Singular value theorem for linear transformations

3 minute read

Singular value theorem for linear transformations, or singular value decomposition (SVD) theorem for matrices, is widely used in various areas. We will explain the theorem as well as its proof.

Motivation

Let \(T\colon V\to V\) be a linear operator on a finite-dimensional vector space \(V\) over \(F=\mathbf{R}\) or \(\mathbf{C}\). We have seen that

  • for \(F=\mathbf{C}\), if \(T\) is normal, then there exists an orthonormal basis for \(V\) consisting of eigenvectors of \(T\);
  • for \(F=\mathbf{R}\), if \(T\) is self-adjoint, then there exists an orthonormal basis for \(V\) consisting of eigenvectors of \(T\).

We can interprete the above statements as follows. The eigenvalues of \(T\) measure how much the eigenvectors in the corresponding orthonormal basis are distorted, that is,

\[T(v)=\lambda v.\]

Our goal is to generalize the above statements to general linear maps \(T\colon V\to W\) between two possibly different inner product spaces. Of course, in this situation, it does not make sense to talk about eigenvalues and eigenvectors. But still, we can measure how much the vectors in two different orthonormal bases (one for \(V\) and another for \(W\)) are distorted.

Implementing the idea

For this purpose, we need to search for nice orthonormal bases \(\beta\) for \(V\) and \(\gamma\) for \(W\), and, in the meantime, hoping that \(T\) takes vectors in \(\beta\) to vectors in \(\gamma\). Suppose \(\beta=\{v_{1},\ldots,v_{n}\}\) and \(\gamma=\{w_{1},\ldots,w_{m}\}\).
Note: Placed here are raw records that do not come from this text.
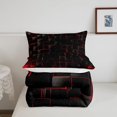 thumbnail image 4 of YST Geometric Grid Comforter Set King Size, Red and Black Checkered Bedding Quilt Set, Men Women Bedroom Decor, Modern Abstract Check Plaid Square Down Comforter for All Season, 4 of 5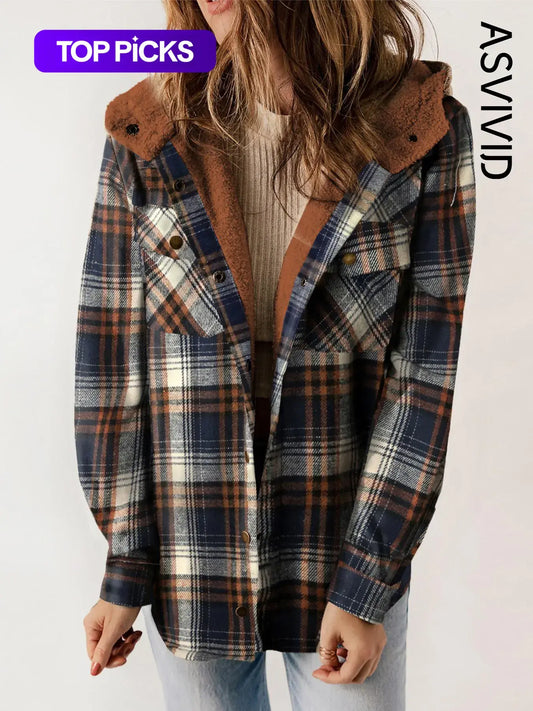 Plaid Hooded Casual Outerwear
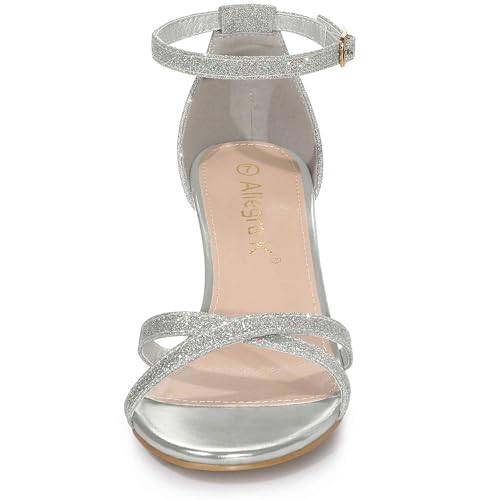 Allegra K Allegra K Women's Glitter Ankle Straps Stiletto Clear Silver Heels Sandals 8 M US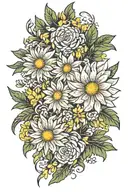 aster and jonquil tattoo design idea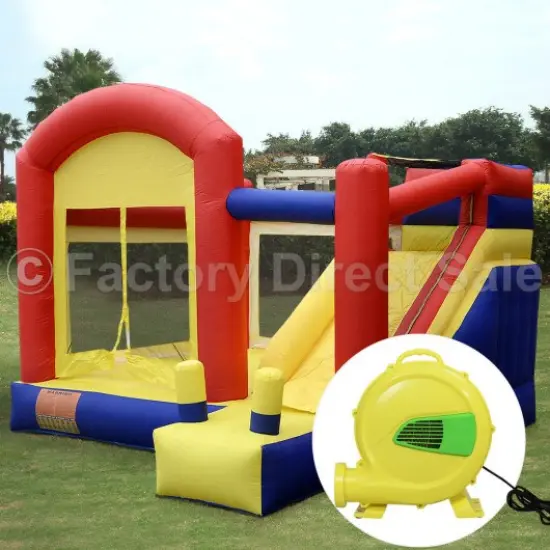 Inflatable Bounce House Castle with Super Slide & Blower {1}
At the very least, we would like to demand that

\[\langle T(v_{i}),T(w_{j})\rangle_{W}=\delta_{ij}.\]

In other words,

\[\langle T^{\ast}T(v_{i}),v_{j}\rangle_{V}=\delta_{ij}.\]

Note that \(T^{\ast}T\) is self-adjoint and positive semidefinite. We can thus simply pick \(\beta\) to be the orthonormal basis for \(V\) consisting of eigenvectors of \(T^{\ast}T\). Write \(\beta=\{v_{1},\ldots,v_{n}\}\). We can arrange \(v_{i}\) according to the magnitude of the corresponding eigenvalue \(\lambda_{i}\); that is, we assume that

\[\lambda_{1}\ge\lambda_{2}\ge\cdots \ge\lambda_{n-1}\ge\lambda_{n}.\]

Now let \(r=\mathrm{rank}(T)\). Then \(r=\mathrm{rank}(T^{\ast}T)\) and

\[\lambda_{1}\ge\lambda_{2}\ge\cdots \ge\lambda_{r}>\lambda_{r+1}=\cdots=\lambda_{n}=0.\]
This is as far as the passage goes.